Our Keepsake Journal is Here! 🎉

When my kids were little, my husband and I attended a parenting class at our church. The whole concept of a class on parenting almost makes me chuckle. Can anyone offer training for this monumental task in the space of eight weeks?

The older, wiser couple who led the class did a beautiful job of providing overarching principles coupled with personal and even vulnerable anecdotes that truly have stuck with me. One of the principles presented was that valuing the relationship with our kids when they are small will reap dividends in influence when they are not so small. 

The verse from Jesus’ parable of the faithful servant comes to mind: “You have been faithful with a few things; I will put you in charge of many things . . .” (Matthew 25:21, NIV). 

What exactly does it look like to value the relationship with your children?

For us, it has meant asking for forgiveness a whole lot. There is nothing more humbling than when you mess up with the ones you love. It has meant sticking with quarreling children until it is worked out even when you feel like your last nerve is being rubbed raw. There have been individual back-to-school dates, just you with mom or dad experience gifts for Christmas, and lots of chats over tea or hot chocolate. Vacations, stops for ice cream, and holiday traditions have served as glue that binds us together. Laughing at what they find funny and being silly at their side translates to, “You matter to me.”

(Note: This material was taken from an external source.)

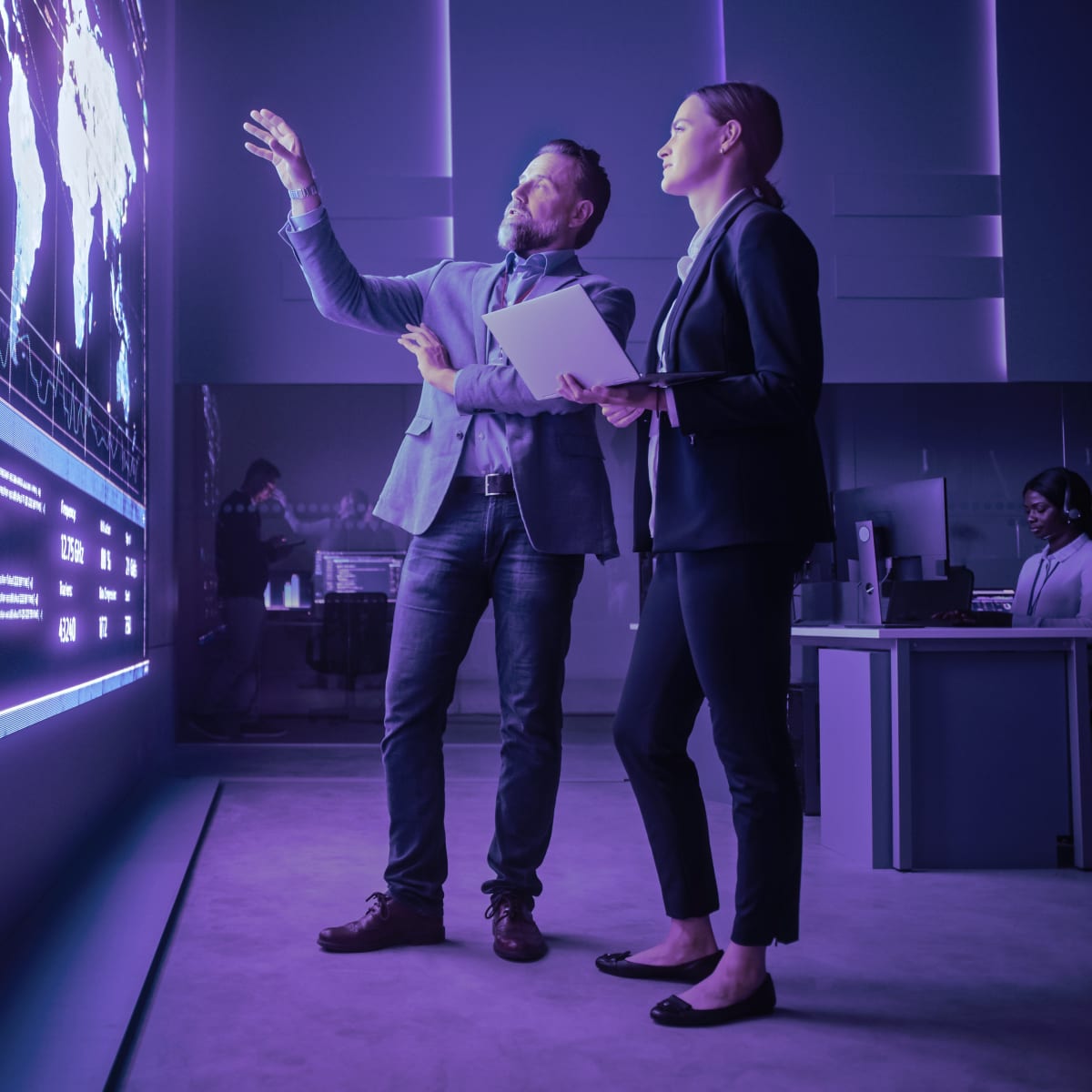 engineers talking while using big screen display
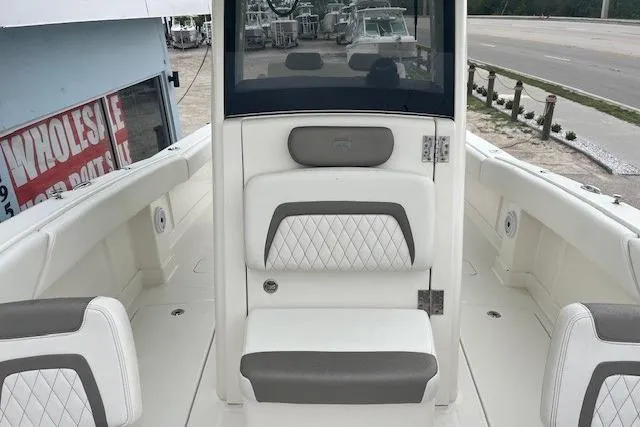  Yacht Photos Pics 2023 World Cat 280 CC-X boat interior with white and gray seating, docked near a dealership.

The testing of this concept has come within the last 18 months for us as our family moved from Pennsylvania to England. Our kids were ages 14, 12, 9, and 3 when we moved, and it cannot be adequately captured with words how hard this shift was for them. Had we known how excruciating it was going to be, I do not know if my husband and I would have had the courage to actually make this move. In God’s mercy, we were ignorant when we embarked on this adventure. 

My oldest son, now almost 16, has been living in a crucible. Changing high schools across town is not easy—in a new country is near impossible to survive. At an age when he just wants to say the right thing and be accepted, navigating a new culture feels disorienting and suffocating. 

This beautiful boy of mine was born without a left hand. Interestingly enough, during our life in the USA, he was the quintessential golden boy, who oozed confidence, leadership, and compassion for others. His apparent “handicap” was not seen as such by us, himself, or his peers. Now in a new place where his identity was unknown, he was bullied for this difference.

“I never knew how ugly, I was, Mom,” he confided. And my heart rent in two.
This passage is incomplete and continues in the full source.